彼氏と水族館に行くのもカフェに行くのも手を繋ぐのもエッチをするのもいいけれど、わたしは水族館に行きたいしカフェに行きたいし手を繋ぎたいしエッチをしたいから「彼氏」が欲しい。

彼氏なら水族館が好きか分からないしカフェに付き合ってくれるかも分からない。手を繋ぐのも好きではないかもしれないし結婚するまでエッチはしたくないという考えかもしれない。相手に対してかなり駆け引きをしなくてはならない。
その点「彼氏」は楽だ。

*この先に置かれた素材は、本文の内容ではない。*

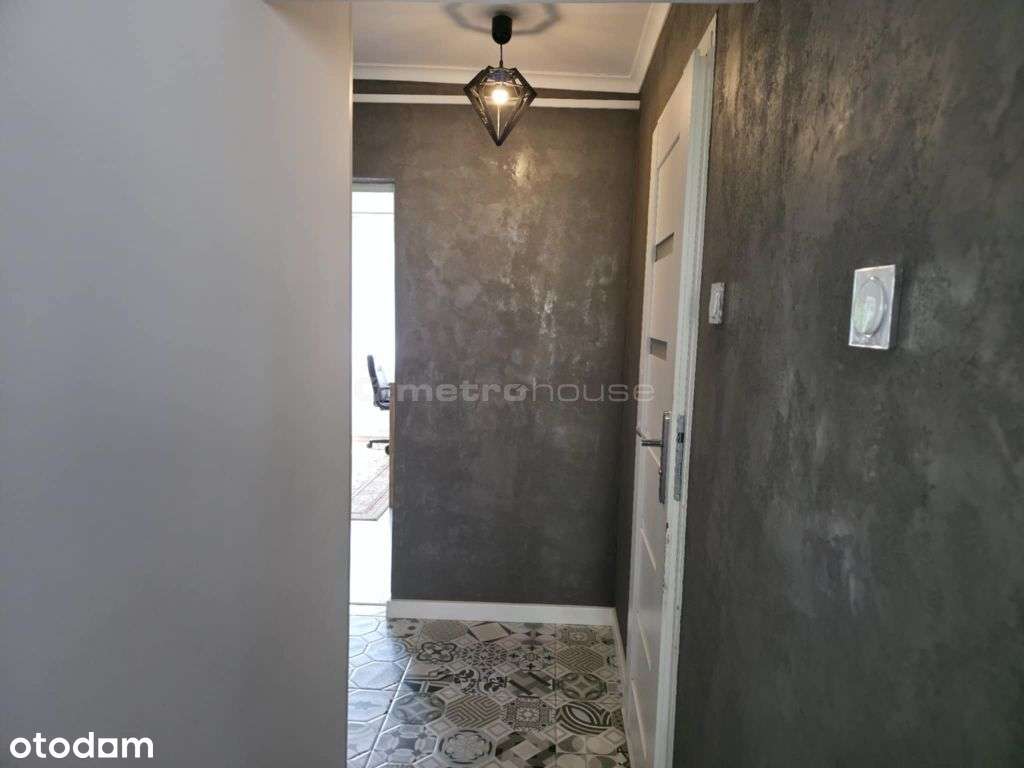 Mieszkanie, 48,32 m², Międzyrzec Podlaski - Pełny obrazek: 4/8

「彼氏」は水族館が好きだし、「彼氏」はカフェが絶対に好きだ。手を繋ぐのが好きだから「彼氏」なのであって、「彼氏」だから当然エッチが好きなのだ。

鍵括弧つきの彼氏は辞書的な意味を持たない。いわゆる彼氏ではない。「彼氏」は行きたい場所に応じて作るもので、だから「彼氏」はその都度違う人でいい。「彼氏」は絶対に自分のしたいことを叶えてくれるから、彼氏よりも効率がいいかもしれない。いや、恋愛に効率を求めちゃいけないのか。

まあ今は大学でもいい感じの人がいないから、ひとまずは「彼氏」と恋人ごっこを楽しもうかと思う。